* [EXERCISE DESCRIPTION] Only the lines from the one containing "planta densamente otoñal" to the end of the listing below should be returned, exactly as written and without pictures.

* [AVAILABLE DATA]
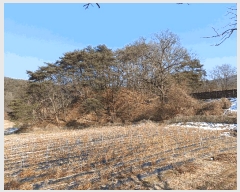  2025Ÿ��46 ��� ���ֽ� ������ ������ 375      ����(��)���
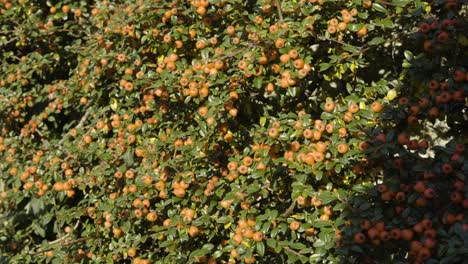 planta densamente otoñal con bayas de naranja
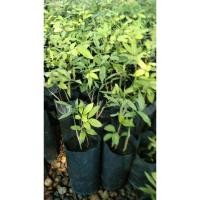 ราคา ผักหวานป่าเพาะเมล็ด1ถุงมี2ต้นจัดชุดขาย10ถุง289.- (4563105922)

* [SOLUTION TO THIS PROBLEM]
 planta densamente otoñal con bayas de naranja
 ราคา ผักหวานป่าเพาะเมล็ด1ถุงมี2ต้นจัดชุดขาย10ถุง289.- (4563105922)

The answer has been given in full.